The accompanying policy statement emphasized the need for continued efforts to control inflationary headwinds in the euro area. Despite this, the Euro reacted in a broadly bearish manner, which could cause further unexpected volatility to Euro and US Dollar pairs and crosses, depending on ECB President Christine Lagarde’s ongoing press conference.
From a technical viewpoint, GBP/USD continues to edge higher within a range, which is part of a broader bullish trend that began at the September 2022 lows. Longs are, therefore, favored over shorts.

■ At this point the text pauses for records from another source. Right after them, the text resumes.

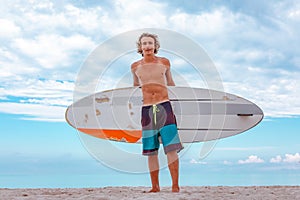Handsome man walk with white blank surfing board wait for wave to surf spot at sea ocean shore. Concept of sport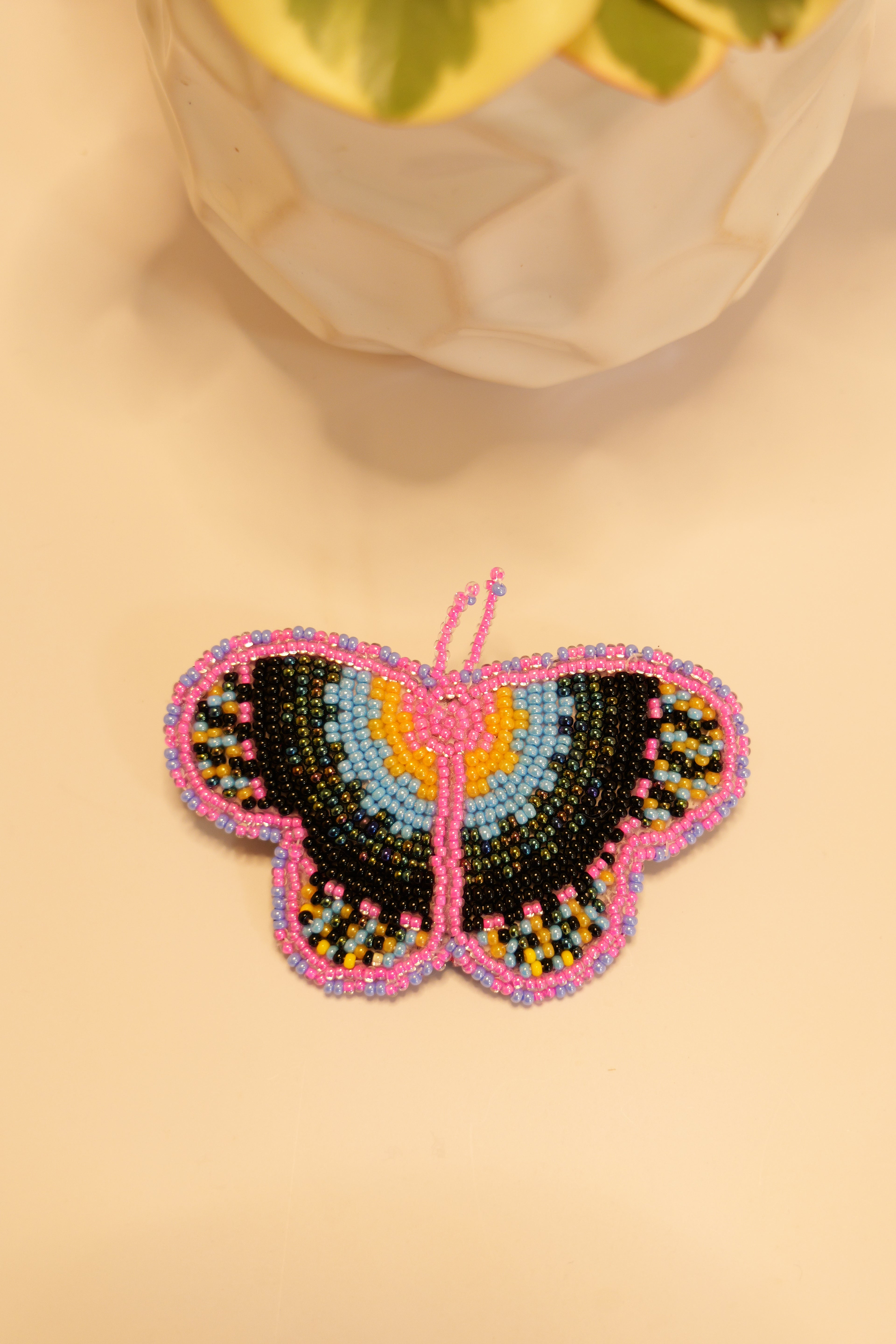 Handbeaded butterfly hair clip | leather backing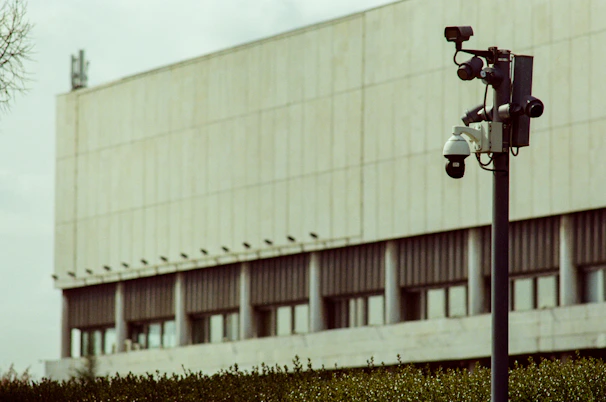 Security cameras mounted on a pole outside building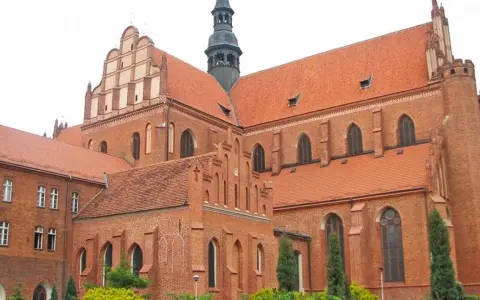 Gotycka katedra w Pelplinie, dawniej część kompleksu zamkowego, z charakterystycznymi ceglanymi murami i czerwonymi dachami.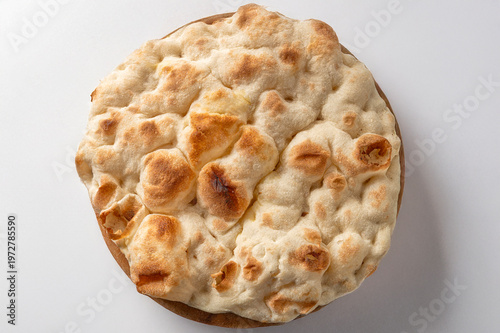 Bild auf Leinwand Round pinsa base isolated on white background, baked italian flatbread crust top
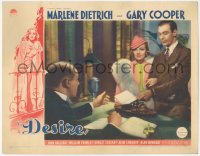 8k0864 DESIRE LC 1936 man at desk hands note to sexy jewel thief Marlene Dietrich & Gary Cooper!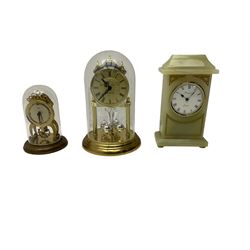 Two contemporary battery driven quartz mantle clocks and a spring driven balance wheel clock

In contrast to the Federal Reserve, which has probably reached peak rate, the ECB is likely to continue raising rates in the future. Meanwhile, the Bank of England (BoE) may have to hike interest rates in the UK more than once to control inflation, which is currently above 10% for the seventh consecutive month. These factors are medium-term bullish for Pound Sterling.
The Nonfarm Payrolls (NFP) jobs report, scheduled for release on Friday, may inject further volatility into GBP/USD depending on whether it misses expectations (bearish for USD, bullish for GBP/USD) or comes out substantially higher (bullish for USD, bearish for GBP/USD).

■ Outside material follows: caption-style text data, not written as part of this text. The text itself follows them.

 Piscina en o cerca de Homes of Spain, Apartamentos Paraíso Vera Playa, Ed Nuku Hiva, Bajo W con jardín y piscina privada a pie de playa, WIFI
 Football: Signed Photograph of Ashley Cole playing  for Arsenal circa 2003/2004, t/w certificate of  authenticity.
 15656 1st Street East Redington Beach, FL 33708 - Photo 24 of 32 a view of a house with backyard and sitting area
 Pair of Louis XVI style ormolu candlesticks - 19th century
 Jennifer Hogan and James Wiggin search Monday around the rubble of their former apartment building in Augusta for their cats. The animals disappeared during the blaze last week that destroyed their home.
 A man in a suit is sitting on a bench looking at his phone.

Other market-moving factors include the Bank Lending Survey (BLS) for Q1, which showed that while credit conditions had tightened, there were no outsized risks to Eurozone banks due to the crisis.
Additionally, depositors in Europe face more obstacles in reallocating funds into higher-yielding vehicles compared to their US counterparts, reducing systemic risk. On Wednesday, the Federal Reserve raised its interest rates by 25 bps to 5-5.25% and dropped wording that suggested further hikes may be appropriate, triggering a USD sell-off.
The market gauges suggest a 95% probability of no future hikes from the Fed. Furthermore, Powell’s hawkish statement regarding the labor market being “very tight” indicates that labor demand is currently above supply.
US Initial Jobless Claims, due at 12:30 GMT on Thursday, and the April Nonfarm Payrolls report, expected to show 179K new jobs, could impact the USD.